Problem description >> All entries are to be quoted exactly; the images stay out of the copy.

==*==

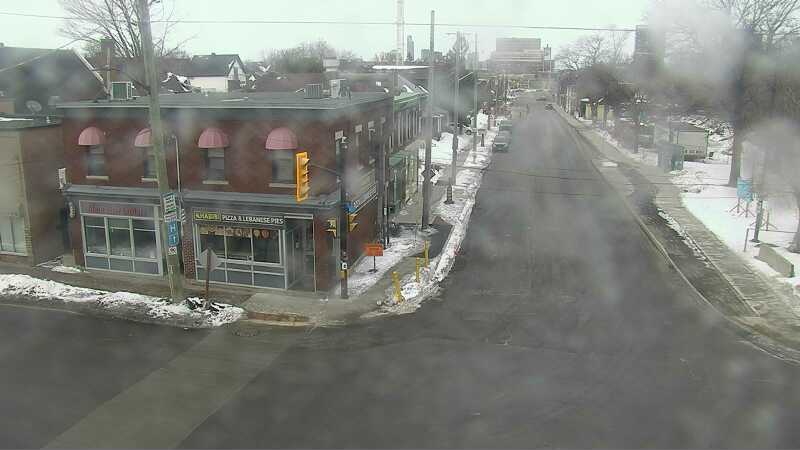 Traffic camera image at 2025-03-09 14:05:59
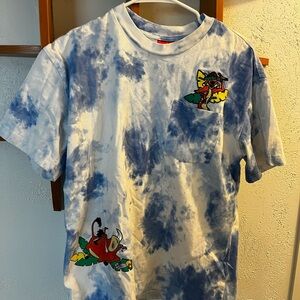 Disney The Lion King White T-Shirt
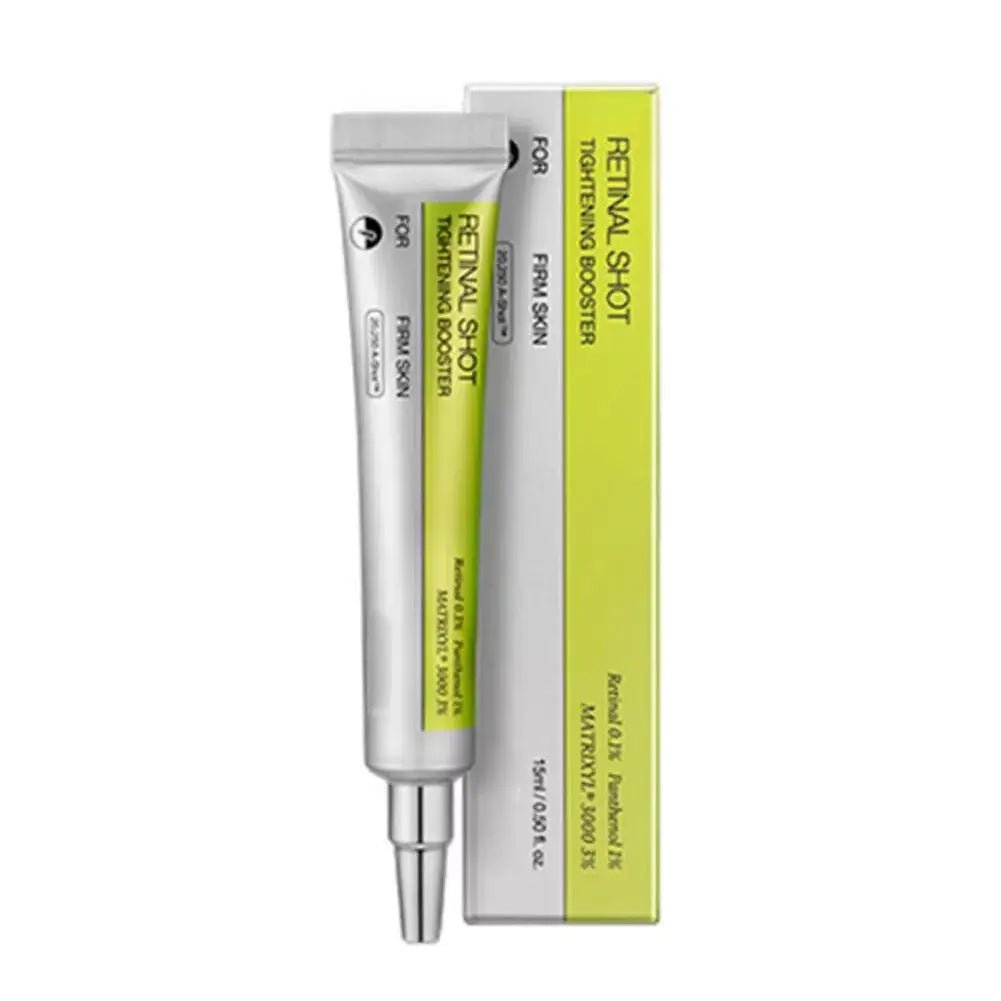 Retinol Eye Cream Facial skincare set Firming Brightening Reducing Fine Lines Dark Circles Lightweight Moisturizing Eye Skincare - Velvet Haven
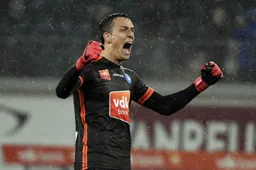 'AA Gent maakt definitieve keuze tussen Bolat en publiekslieveling Kalinic'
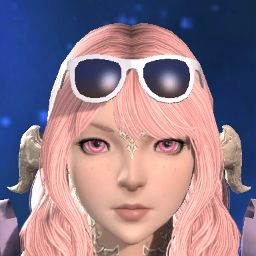Anya Nightstream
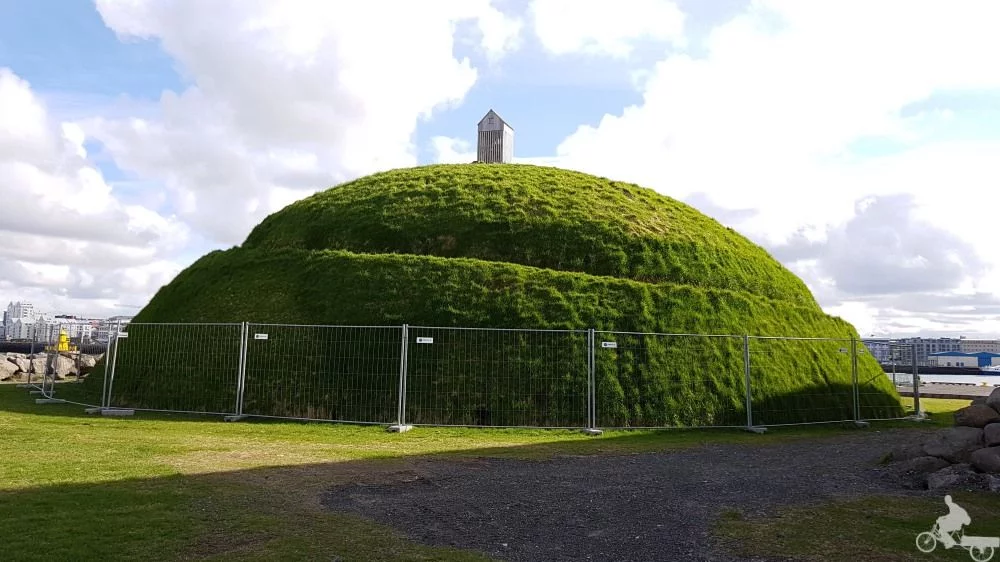 pufa reikiavik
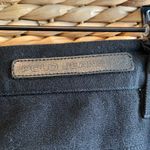 Ralph Lauren Polo Jeans Co. Black Jeans, 6 Photo 6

==*==

Output below >>
 Traffic camera image at 2025-03-09 14:05:59
 Disney The Lion King White T-Shirt
 Retinol Eye Cream Facial skincare set Firming Brightening Reducing Fine Lines Dark Circles Lightweight Moisturizing Eye Skincare - Velvet Haven
 'AA Gent maakt definitieve keuze tussen Bolat en publiekslieveling Kalinic'
Anya Nightstream
 pufa reikiavik
 Ralph Lauren Polo Jeans Co. Black Jeans, 6 Photo 6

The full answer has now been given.